White Coats for Black Lives, a student-run organization working to combat racial bias in medical education, published a report that assigned the medical school a B- grade on racial diversity, equity and inclusion.

He said he wants members of the caucus to serve as “liaisons” to black student groups to keep, develop and maintain relationships with the organizations and update students on the caucus.

Hackett, CCAS-U, and Mark, CCAS-U, who both co-sponsored the bill to create the caucus, did not return multiple requests for comment.

Brookins, the vice chair of the caucus, said the caucus will create a space for black senators that has not existed before, giving them space to discuss issues facing black students, like retention and representation in the SA.

“One of the problems with this past incident is that nobody really had something to turn to, to talk about these issues and talk about legislation,” he said. “There wasn’t a space to do that and I feel like after that, it was recognized that, ‘Yes, we need to meet and to discuss.’”

SA Sen. Quentin McHoes, ESIA-U and a member of the caucus, said he wants the caucus to work closely with administrators like Jordan West, the director for diversity and inclusion education, and the SA president and executive vice president to address “racial insensitivities and racism” at the University.

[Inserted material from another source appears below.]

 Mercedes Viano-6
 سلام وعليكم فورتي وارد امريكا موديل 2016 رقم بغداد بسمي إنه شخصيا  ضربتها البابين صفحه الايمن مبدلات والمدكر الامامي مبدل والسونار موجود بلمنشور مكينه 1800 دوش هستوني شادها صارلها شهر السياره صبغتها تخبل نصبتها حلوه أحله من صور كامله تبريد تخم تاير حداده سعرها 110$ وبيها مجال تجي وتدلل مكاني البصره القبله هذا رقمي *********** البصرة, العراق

He said the group should talk with officials and SA members about disciplinary measures for Interfraternity Council and Panhellenic Association chapters following the racist post earlier this semester and about implementing diversity trainings for all students.

Officials suspended Panhel sororities last month from participating in informal fall recruitment and holding social events this semester after the post surfaced.

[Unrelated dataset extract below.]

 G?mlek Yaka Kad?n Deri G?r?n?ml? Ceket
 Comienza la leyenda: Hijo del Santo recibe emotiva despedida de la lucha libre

“It’s actually getting out, using the body, using the caucus as a means to create more conversations that actually result in change with the administration, with faculty and with other students,” McHoes said. “That’s the most important part for me, is that this body has the ability to be something, a real presence on campus.”

Tony Peeler, a freshman senator and a caucus member, said he hopes the caucus prompts more black students to join the SA.

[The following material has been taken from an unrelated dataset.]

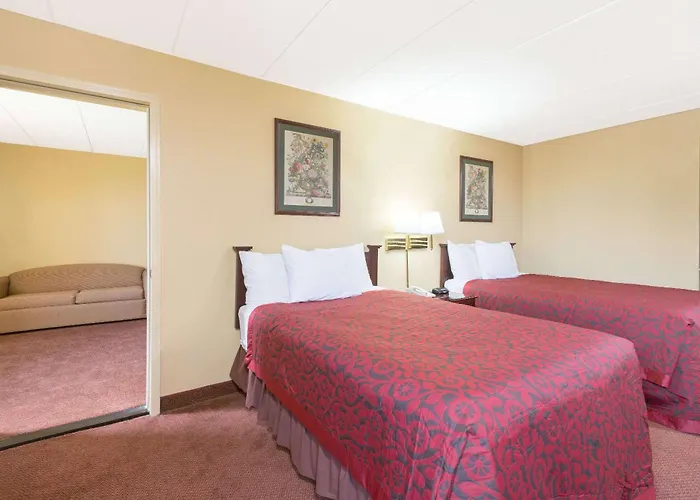 Days Inn By Wyndham Hagerstown I-70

“If you see others that are like you and have your same identity, I think you’re more apt to be involved and that’s what we want, we want more people to be involved,” he said. “We want more people to come to our meetings and express their ideas because without that, we can’t function as a student senate. We have to be able to hear from our community.”

Peeler said the caucus is “a gateway” for other senators to form their own caucuses within the SA Senate because the group will show students that they can create their own groups to address issues that affect their communities on campus.

“It opens the doors for more of them and also sets a precedent that says if you’re a minority, if you’re excluded from our community, that you have a place in SA,” he said. “You have not only a voice in the full senate, you have a voice in your caucus as well – people that are just like you, supporting you.”

Isha Trivedi and Yankun Zhao contributed reporting.